Entretien du 06/03/2013 avec un sinistré (AD) des inondations de la vallée de la Somme du printemps 2001. Interviewer : EC

EC : Pouvez-vous expliquer les étapes des inondations telles que vous les avez vécues ?

AD : Oui. Deux – trois jours avant vraiment la crue, on a vu l’eau arriver derrière, au niveau de la pelouse si vous voulez. Et bon, on s’inquiétait un petit peu mais sans penser à ce qu’on allait vivre et j’avais à cette époque ma petite fille qui était là et c’était le jour de son anniversaire, je m’en souviendrai : le 2 avril, et on devait la ramener sur Lille. Et on est donc partis, on est rentrés le soir et il y a eu un orage.
Et quand on est rentré le soir, on a mis une pompe au niveau du garage, si vous voulez, sans toujours penser… bon on s’est dit « mince, c’est quand même… » et le lendemain, on a vu l’eau arriver vraiment d’un seul coup, la maison encerclée. On a essayé de mettre des sacs de sable tout autour pour dire de… mais bon, rien n’y faisait. Voilà. Et après, bon, ben… les pompes, les… tout ce qu’on pouvait faire quoi mais bon, rien n’y faisait, l’eau était là et il fallait attendre que ça s’en aille, c’est tout.
Donc on a resté ici sept semaines sous l’eau. Au niveau du garage, il y avait 90 cm, la porte a été soufflée par le truc. Donc dans la maison, forcément il n’y avait rien mais dans le sous-sol, on a été tout le temps dans l’eau. Mais bon, on vivait normalement dans notre maison. Et on n’a pas eu de problèmes de sanitaires, les problèmes des gens qui sont plain pied.

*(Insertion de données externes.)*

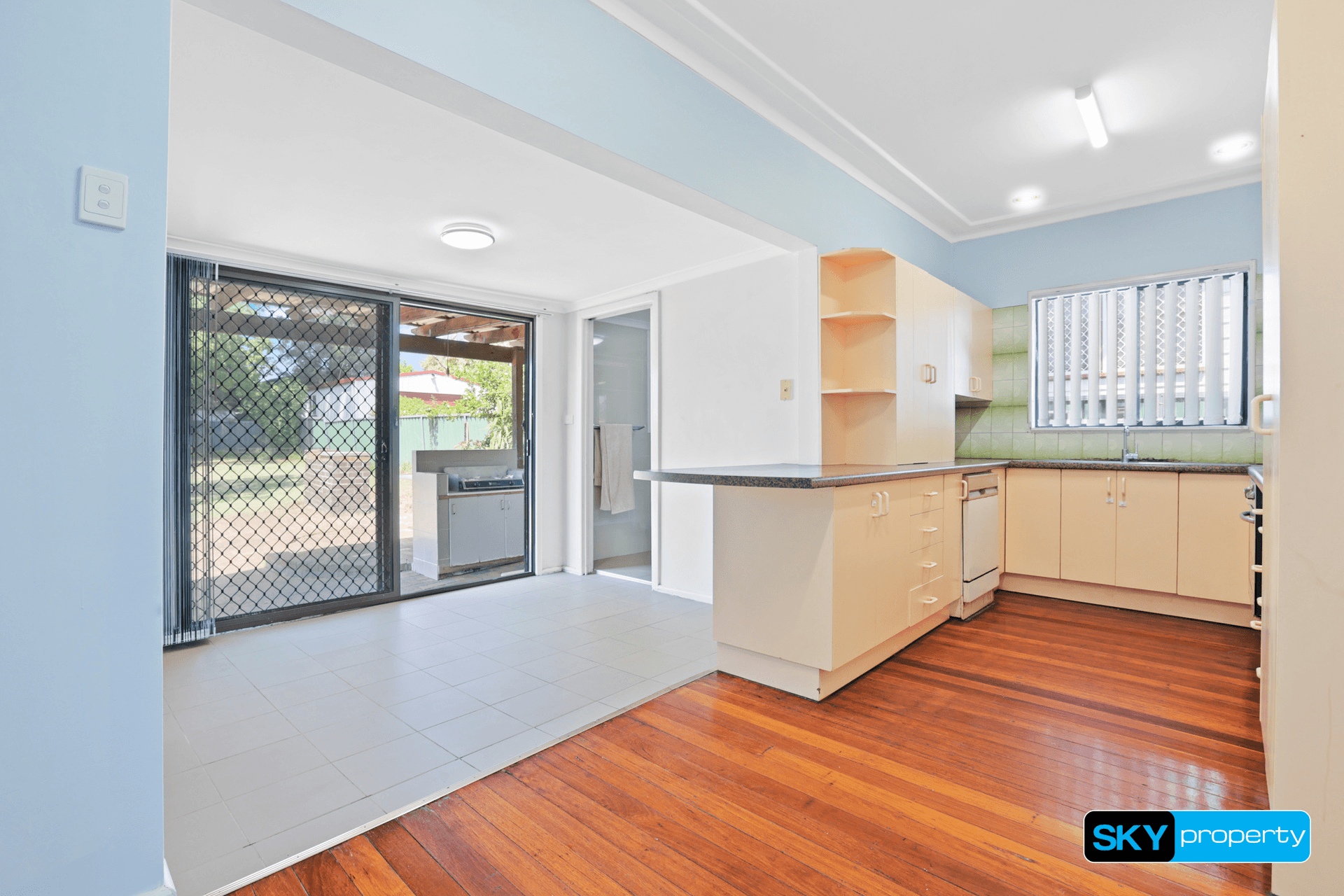 43 Harold Street, Blacktown, NSW 2148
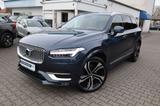 Volvo XC90 B5 D AWD Ultimate Bright|MASSAGE|360CAM|NAV - Volvo XC90: Ultimate Bright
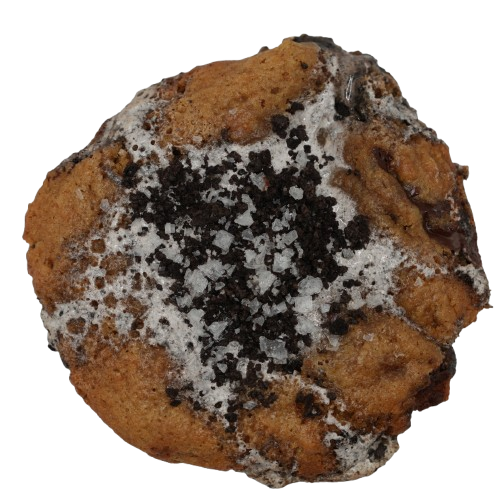 Sm’Oreo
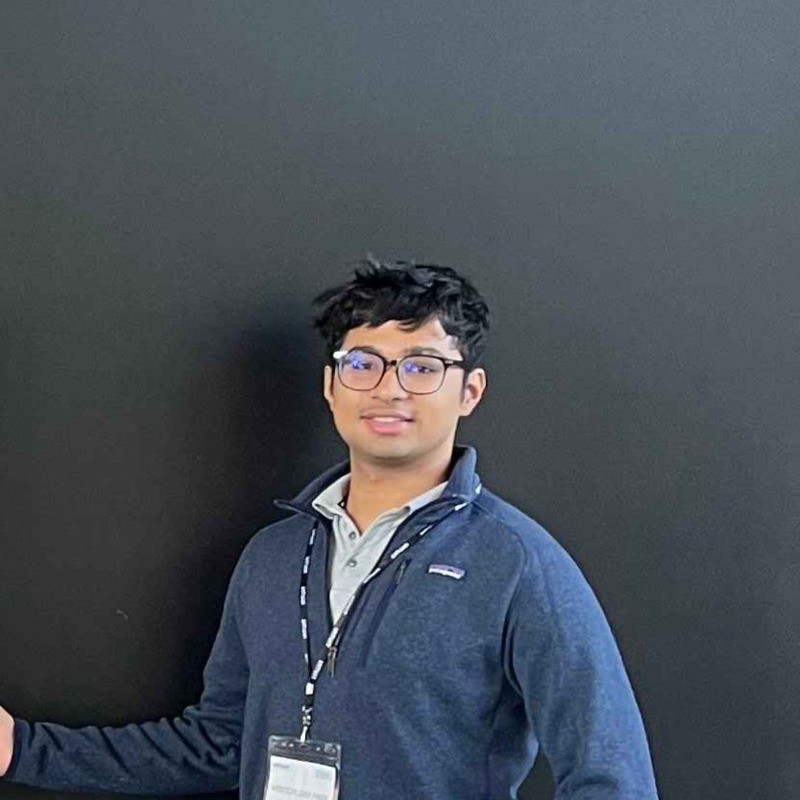 Poorav Rawat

Bon, moi personnellement, l’inondation par elle-même, je ne l’ai pas trop mal vécu parce que je ne quittais pas la maison, je rendais service à des amis à côté qui eux ne pouvaient plus rester, enfin… ne pouvaient que dormir là-haut. Où j’ai très mal vécu c’est après. Une fois que toute l’eau est partie, quand on a vu tout ce qu’il en restait, c’est là que je l’ai plus mal vécu si vous voulez.
De mémoire, c’est ce qui me reste. J’ai encore la vision de l’eau parce que c’était pas… Mais après c’était la désolation. En plus, on s’attache un peu à ce qu’on a et puis, c’était il y a douze ans. Tout ce qui était terrain, arbre fruitier, tout était au top quoi…. Après il faut tout recommencer. Voilà.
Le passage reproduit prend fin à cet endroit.